To do =
Only the lines from the one containing "Handmade Coral Peach" through the last line of the data below belong in your answer, copied exactly and without pictures.

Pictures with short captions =
★ ★ ★ ★ ★

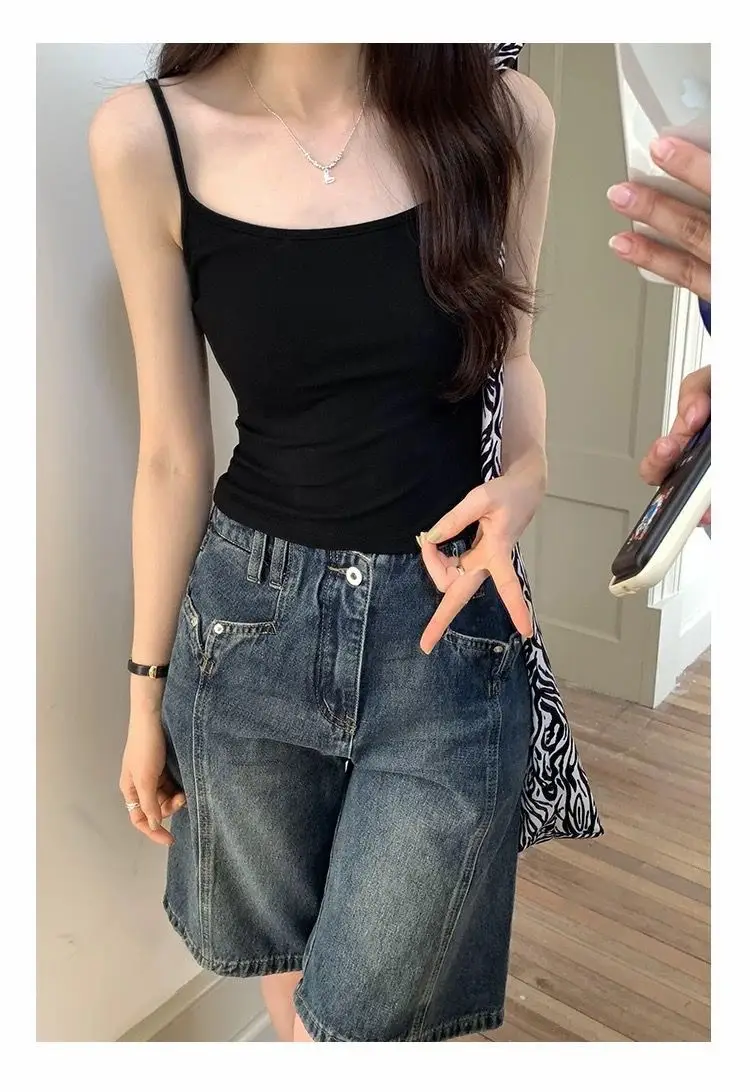 Pure Spice Girl with Chest Pad Small Camisole Women's Summer Outer Wear Beautiful Back Slim Fit Inner Base Beautiful Sleeveless Top — feature 11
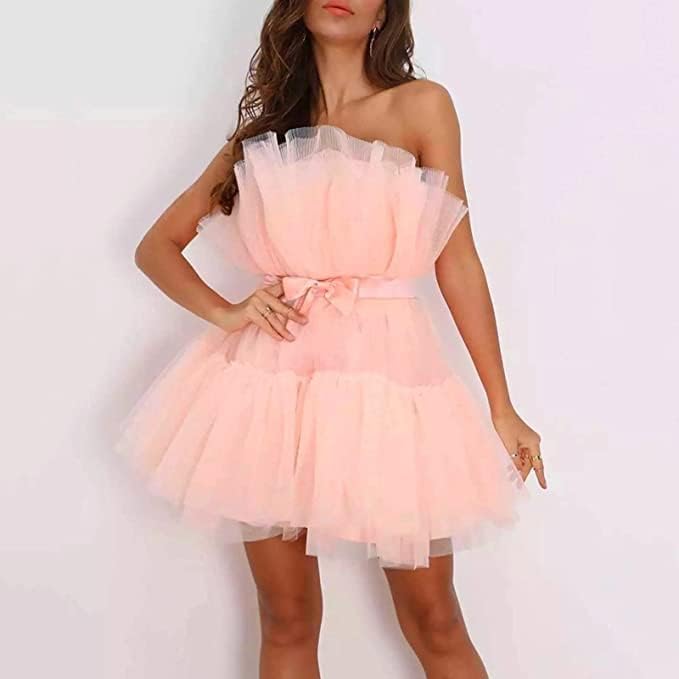 Women's Strapless Tulle Party Dress Summer Special Ocassion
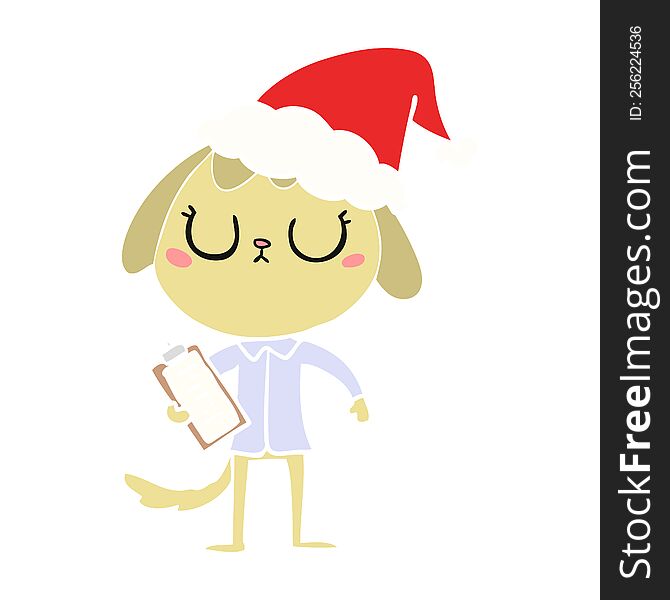 cute flat color illustration of a dog wearing office shirt wearing santa hat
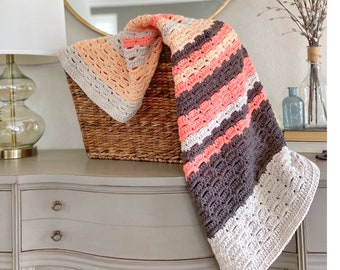 Handmade Coral Peach Stripes Crochet Baby Blanket Crib Blanket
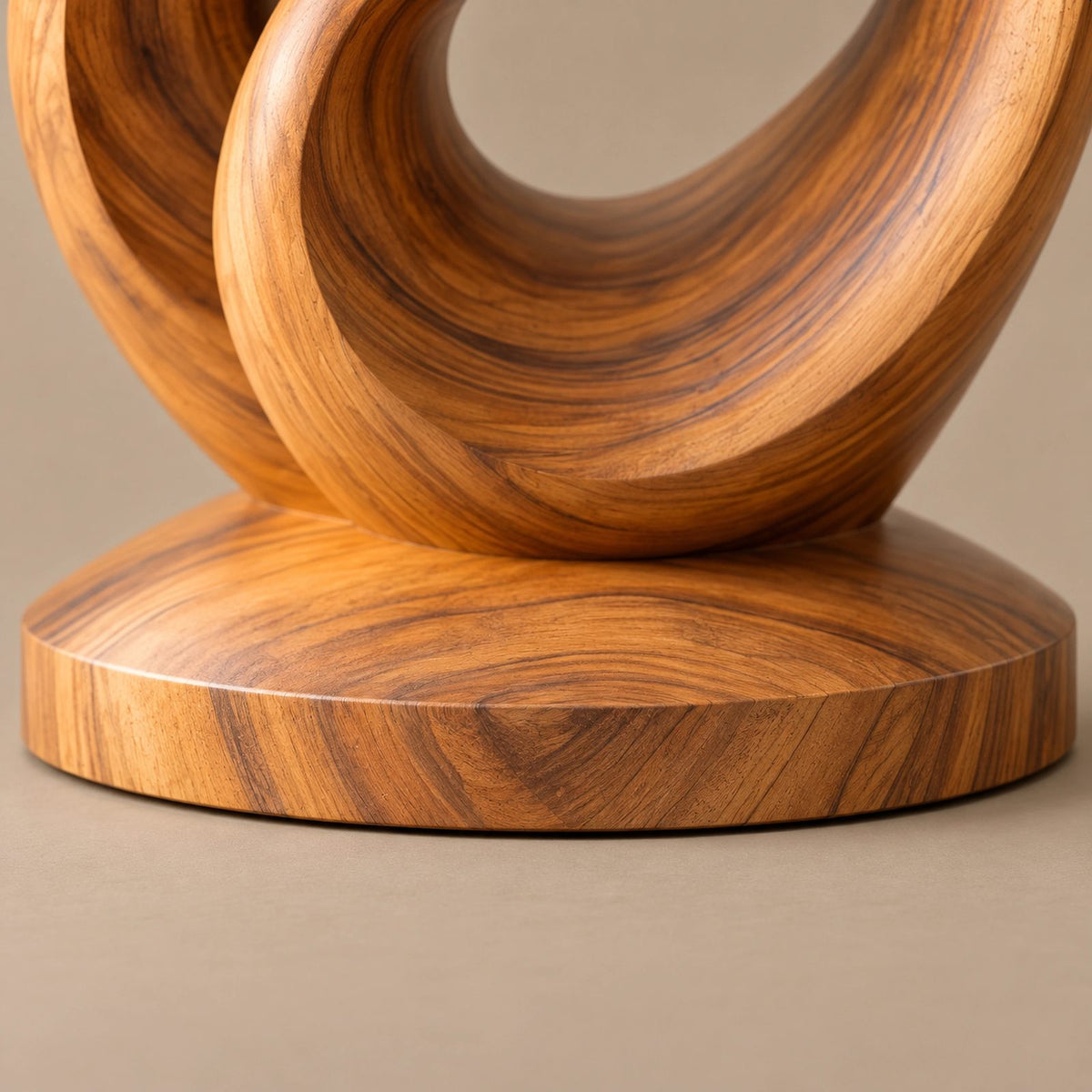 Handcrafted Wood Sculpture With Curved Flame Wings For Dining Room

★ ★ ★ ★ ★

Reply =
 Handmade Coral Peach Stripes Crochet Baby Blanket Crib Blanket
 Handcrafted Wood Sculpture With Curved Flame Wings For Dining Room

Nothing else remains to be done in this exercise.